**Brief:** Your task is to transcribe, word for word, the line containing "Men's 904L Stainless" and all lines that follow it to the end of the entries. Leave out the pictures.

(Source material begins)

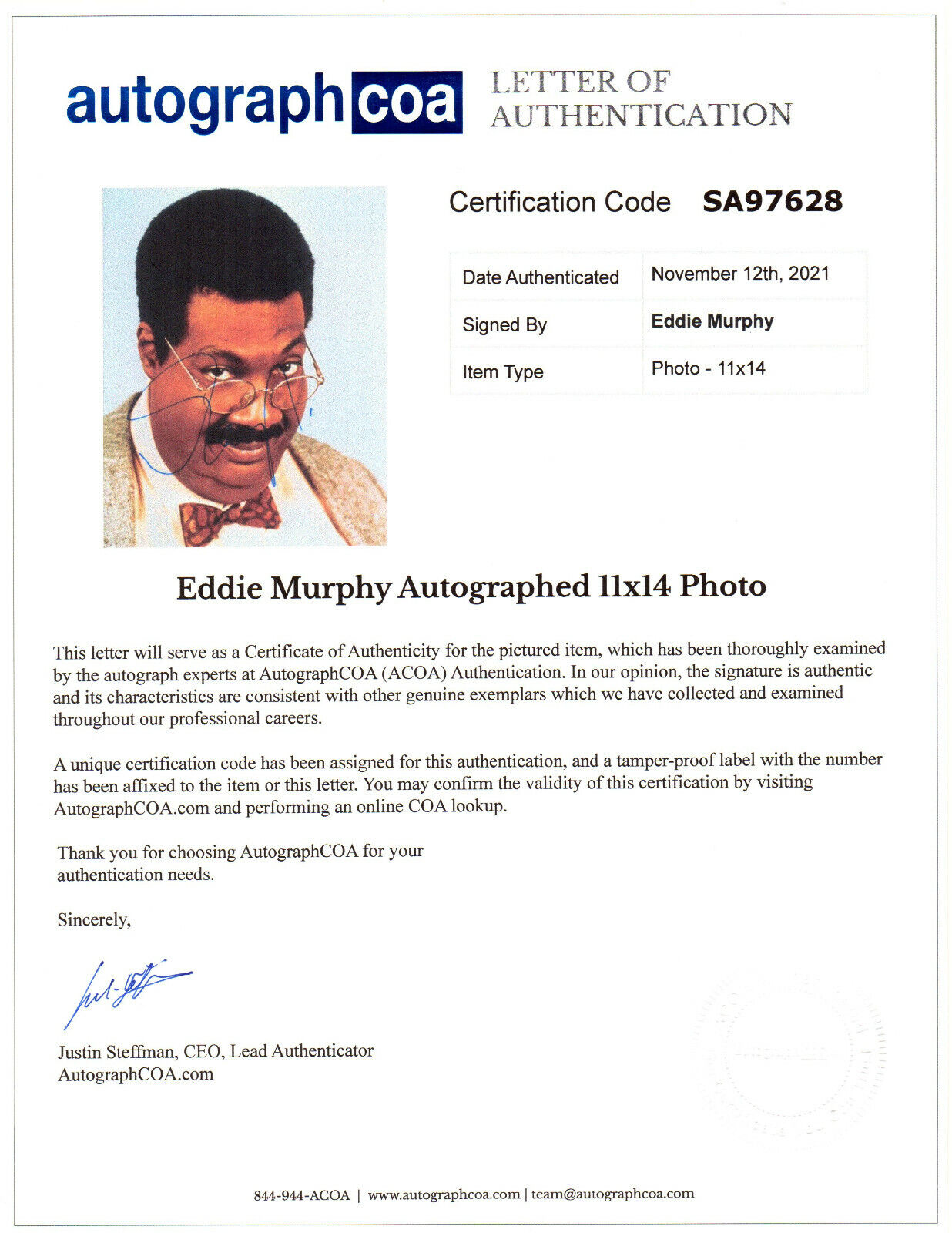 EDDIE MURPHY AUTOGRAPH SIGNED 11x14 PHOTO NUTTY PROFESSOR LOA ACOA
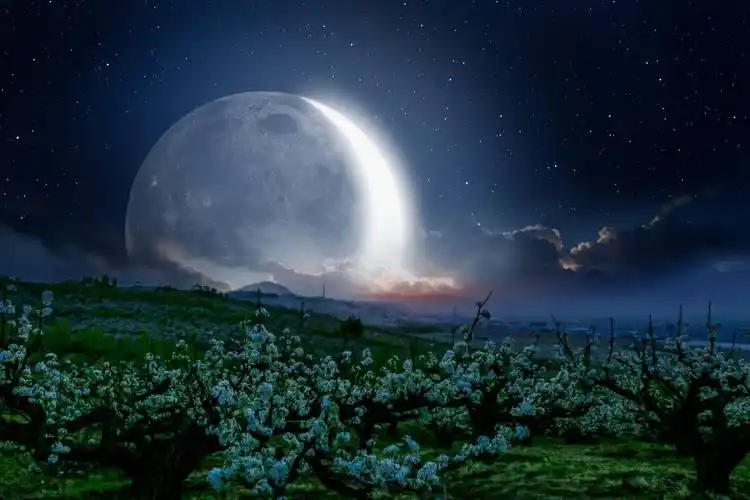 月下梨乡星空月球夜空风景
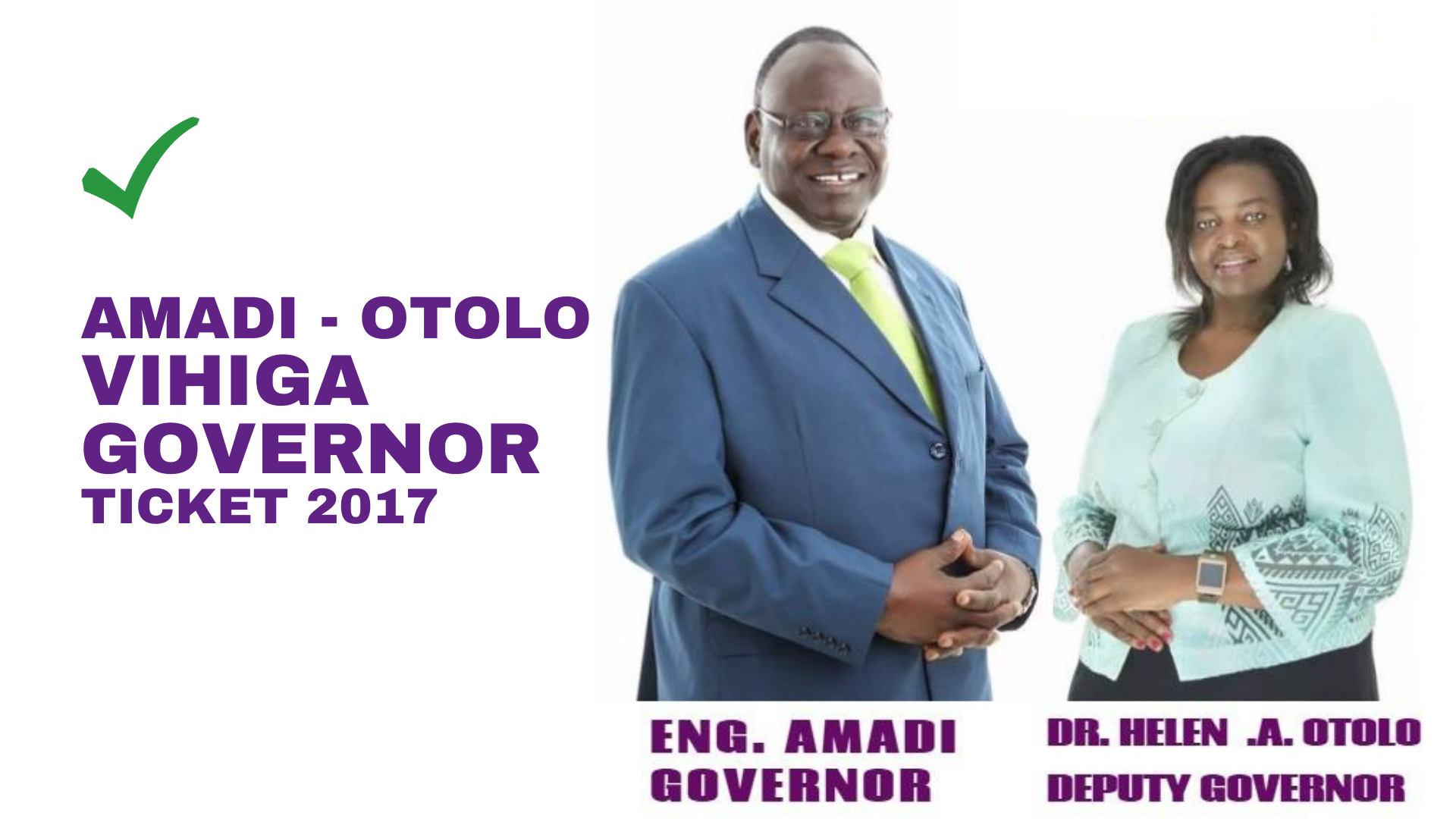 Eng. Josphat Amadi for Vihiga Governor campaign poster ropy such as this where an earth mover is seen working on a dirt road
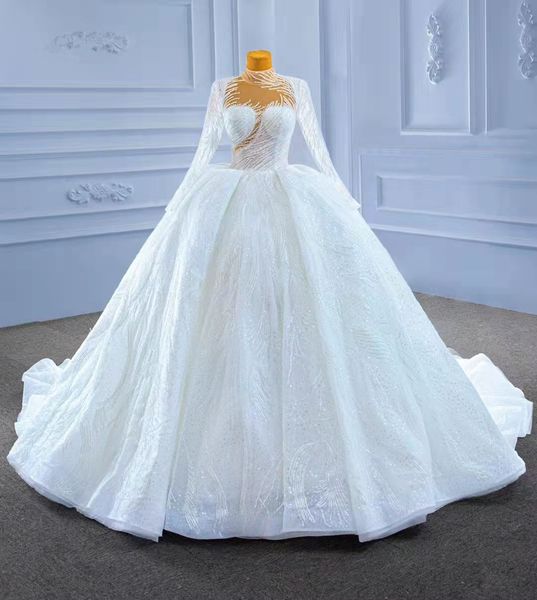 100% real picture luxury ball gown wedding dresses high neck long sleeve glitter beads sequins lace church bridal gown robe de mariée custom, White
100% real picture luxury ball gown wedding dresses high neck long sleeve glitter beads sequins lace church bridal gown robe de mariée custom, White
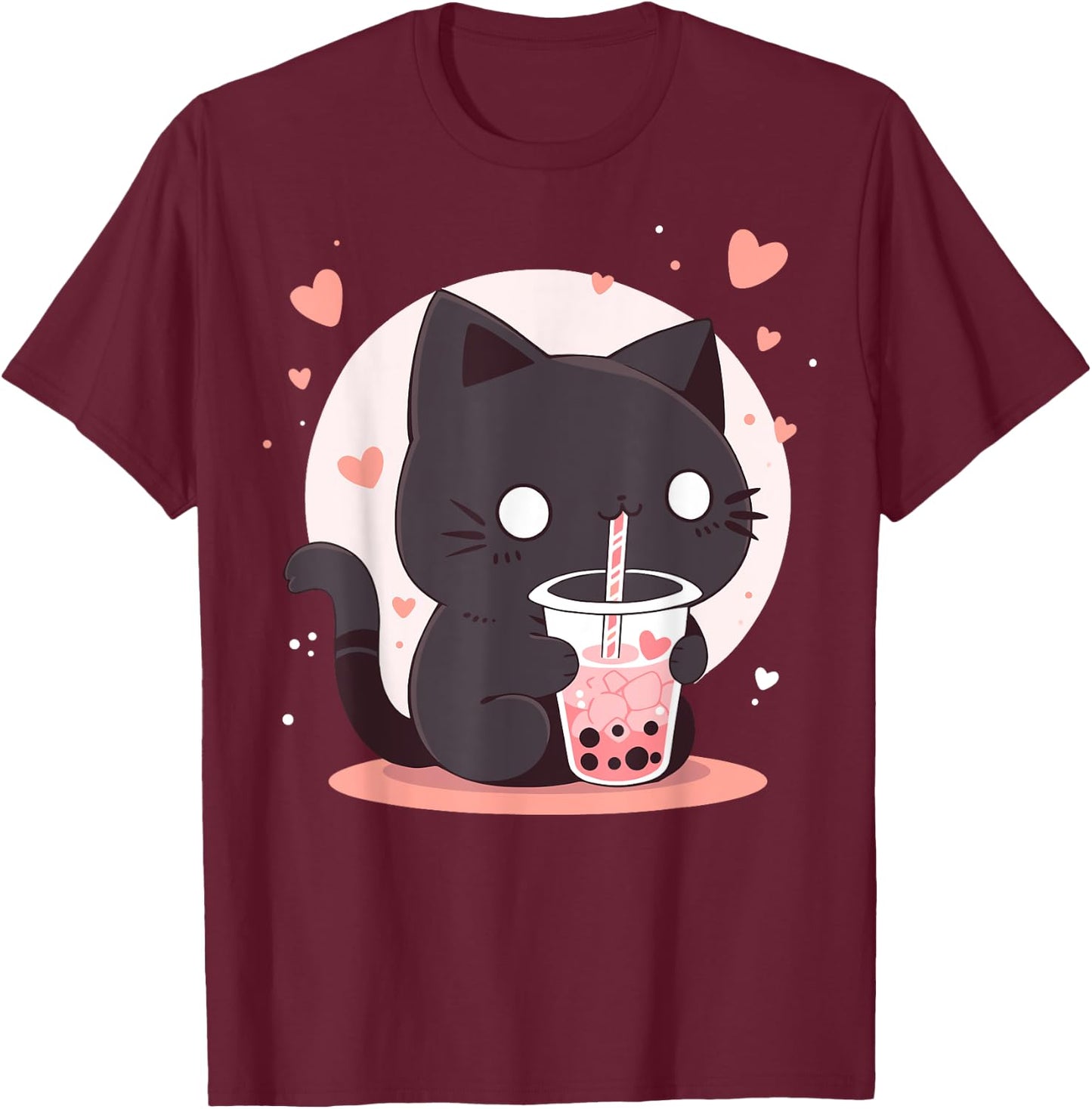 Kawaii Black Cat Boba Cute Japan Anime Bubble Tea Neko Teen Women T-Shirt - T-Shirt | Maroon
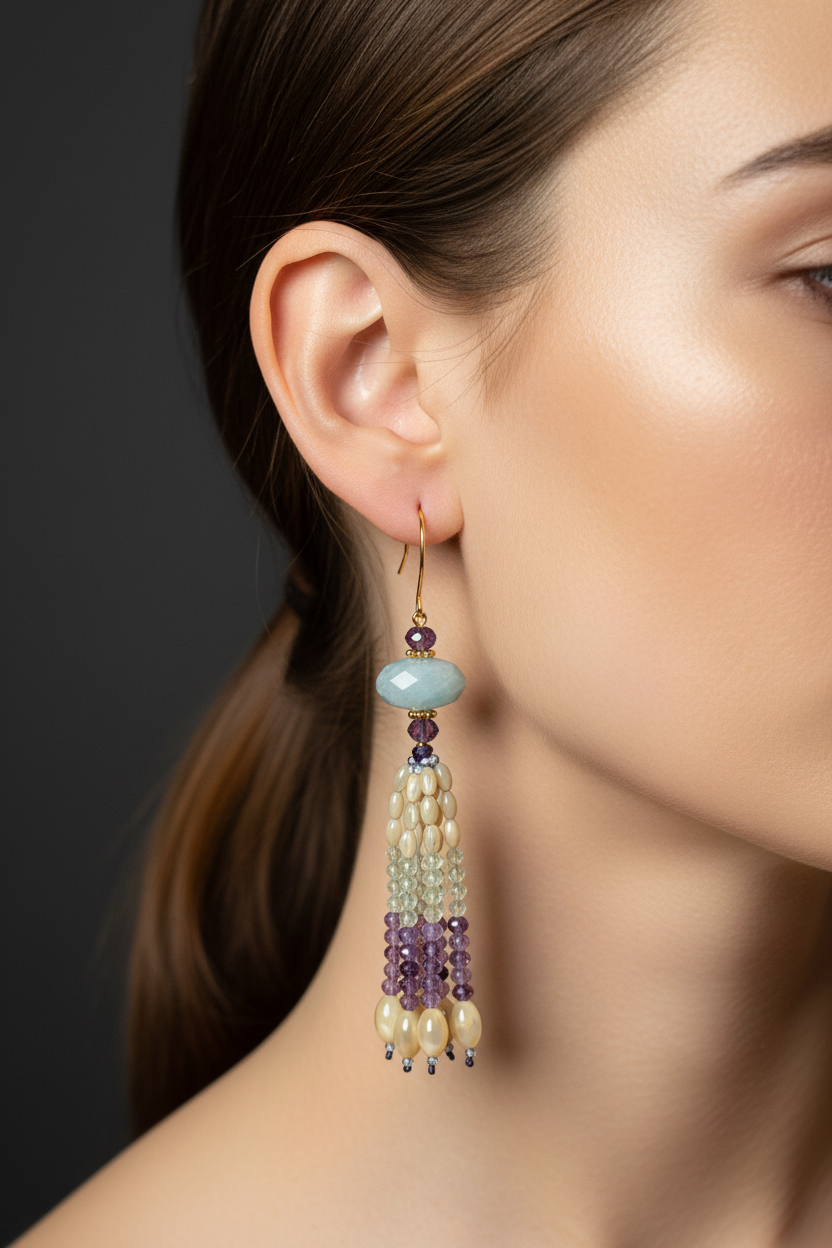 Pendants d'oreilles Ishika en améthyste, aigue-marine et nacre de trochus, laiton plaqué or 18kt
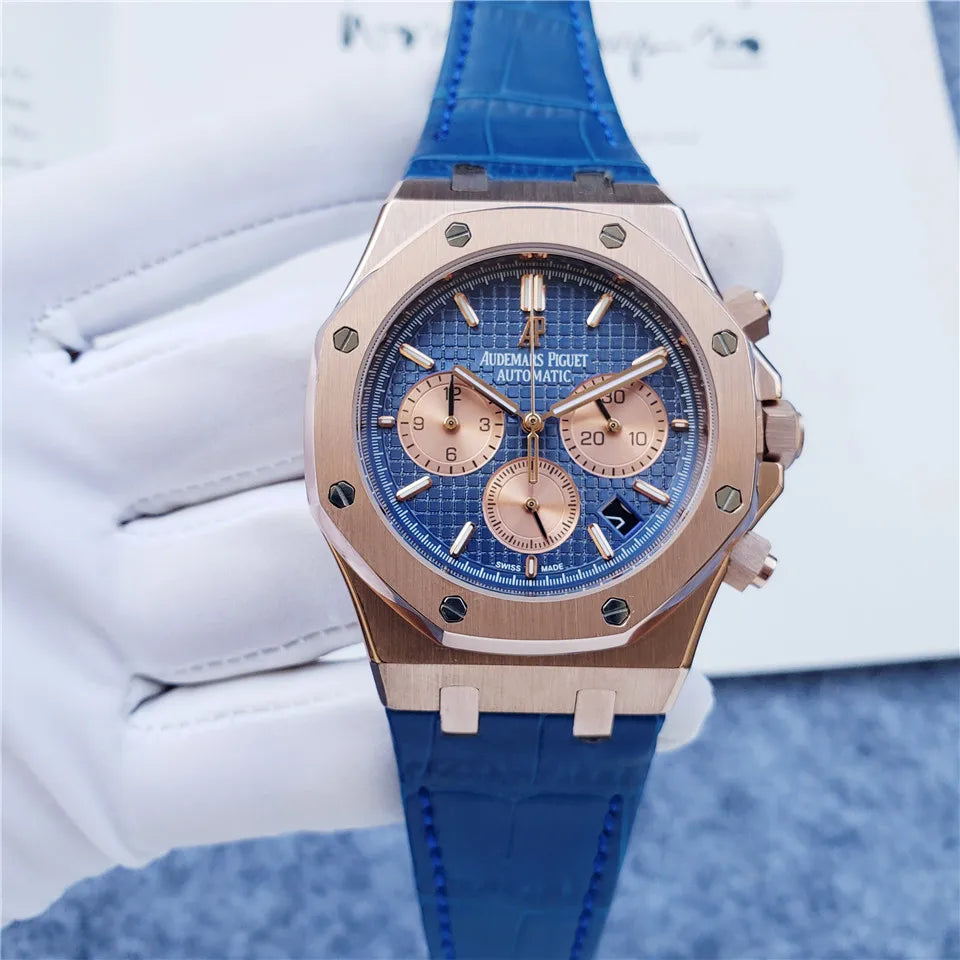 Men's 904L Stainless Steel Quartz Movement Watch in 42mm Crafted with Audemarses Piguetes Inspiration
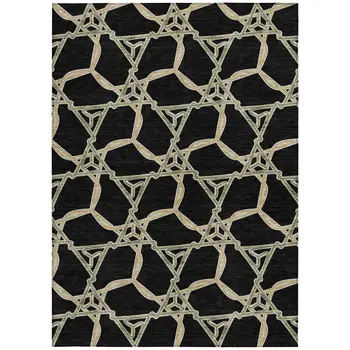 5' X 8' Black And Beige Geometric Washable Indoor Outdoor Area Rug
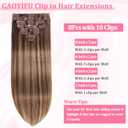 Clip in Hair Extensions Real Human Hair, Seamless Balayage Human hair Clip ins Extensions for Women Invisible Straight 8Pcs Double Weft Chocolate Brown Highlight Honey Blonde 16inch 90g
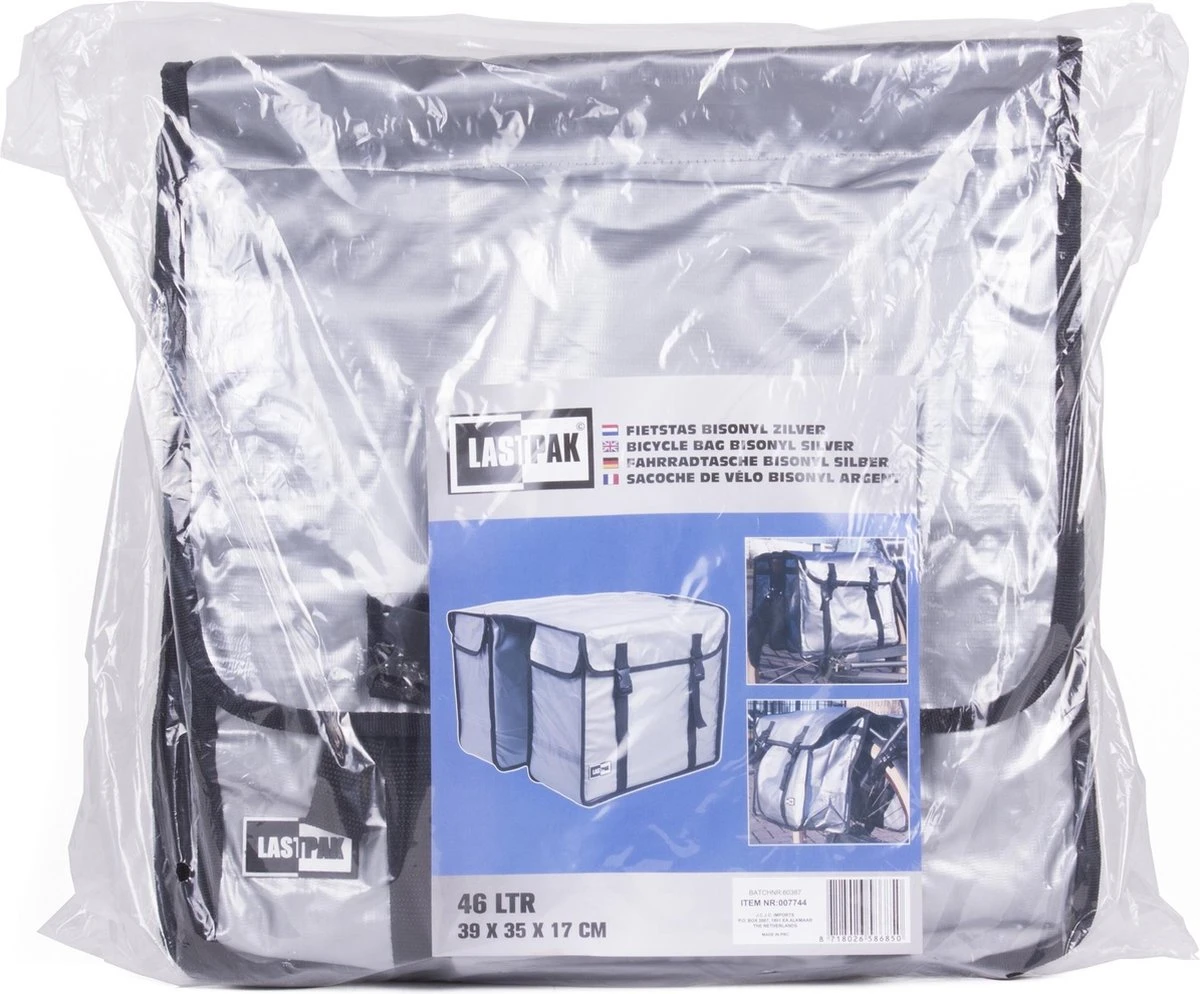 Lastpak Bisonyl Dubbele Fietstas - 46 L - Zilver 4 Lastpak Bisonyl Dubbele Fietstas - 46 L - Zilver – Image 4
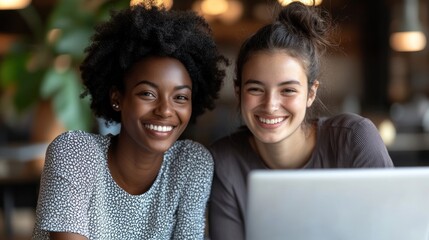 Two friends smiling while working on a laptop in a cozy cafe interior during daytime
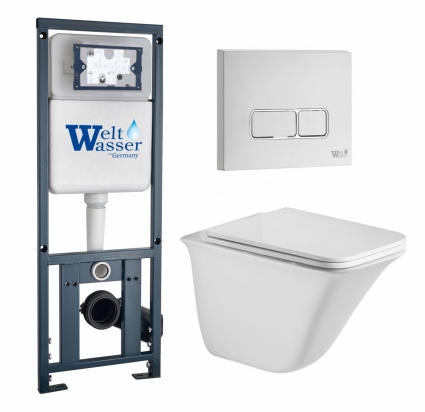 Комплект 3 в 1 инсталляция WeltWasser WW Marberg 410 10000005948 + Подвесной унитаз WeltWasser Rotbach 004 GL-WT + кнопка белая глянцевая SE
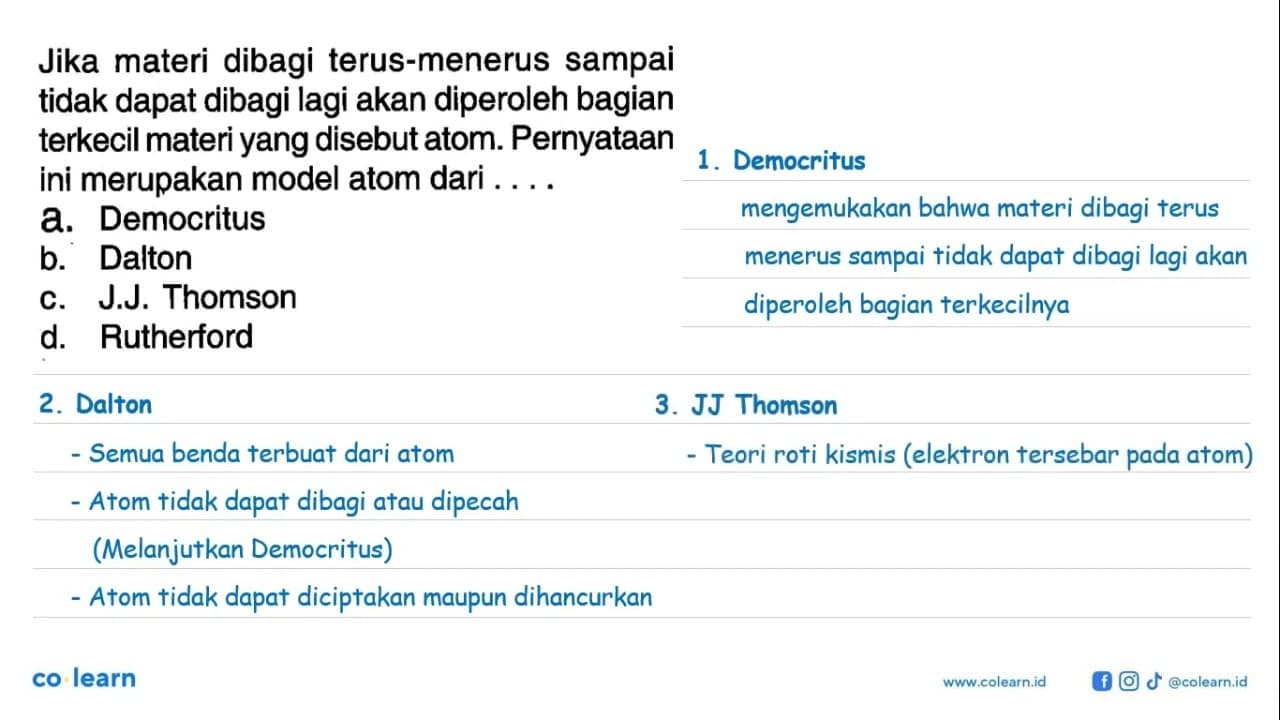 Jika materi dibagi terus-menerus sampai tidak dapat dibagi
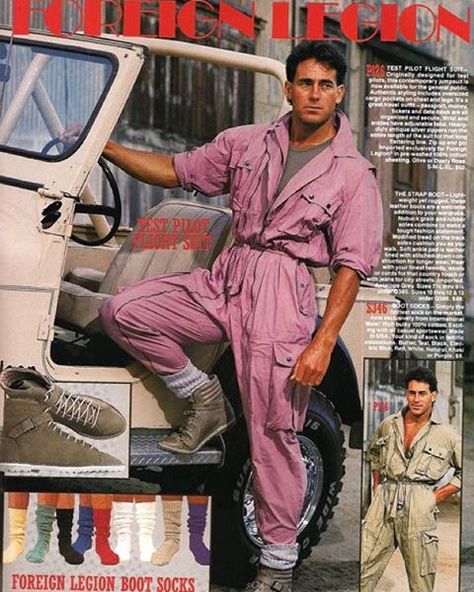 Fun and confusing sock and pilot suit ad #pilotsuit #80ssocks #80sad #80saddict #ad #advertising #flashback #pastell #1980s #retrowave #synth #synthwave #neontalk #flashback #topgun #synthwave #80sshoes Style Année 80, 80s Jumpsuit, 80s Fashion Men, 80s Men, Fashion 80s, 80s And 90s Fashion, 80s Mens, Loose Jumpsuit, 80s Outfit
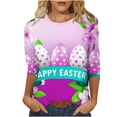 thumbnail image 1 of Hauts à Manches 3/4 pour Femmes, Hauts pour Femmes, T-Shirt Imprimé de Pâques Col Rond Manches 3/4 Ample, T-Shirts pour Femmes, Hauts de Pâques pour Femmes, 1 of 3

(Source material ends)

**Solution:**
 Men's 904L Stainless Steel Quartz Movement Watch in 42mm Crafted with Audemarses Piguetes Inspiration
 5' X 8' Black And Beige Geometric Washable Indoor Outdoor Area Rug
 Clip in Hair Extensions Real Human Hair, Seamless Balayage Human hair Clip ins Extensions for Women Invisible Straight 8Pcs Double Weft Chocolate Brown Highlight Honey Blonde 16inch 90g
 Lastpak Bisonyl Dubbele Fietstas - 46 L - Zilver 4 Lastpak Bisonyl Dubbele Fietstas - 46 L - Zilver – Image 4
 Two friends smiling while working on a laptop in a cozy cafe interior during daytime
 Комплект 3 в 1 инсталляция WeltWasser WW Marberg 410 10000005948 + Подвесной унитаз WeltWasser Rotbach 004 GL-WT + кнопка белая глянцевая SE
 Jika materi dibagi terus-menerus sampai tidak dapat dibagi
 Fun and confusing sock and pilot suit ad #pilotsuit #80ssocks #80sad #80saddict #ad #advertising #flashback #pastell #1980s #retrowave #synth #synthwave #neontalk #flashback #topgun #synthwave #80sshoes Style Année 80, 80s Jumpsuit, 80s Fashion Men, 80s Men, Fashion 80s, 80s And 90s Fashion, 80s Mens, Loose Jumpsuit, 80s Outfit
 thumbnail image 1 of Hauts à Manches 3/4 pour Femmes, Hauts pour Femmes, T-Shirt Imprimé de Pâques Col Rond Manches 3/4 Ample, T-Shirts pour Femmes, Hauts de Pâques pour Femmes, 1 of 3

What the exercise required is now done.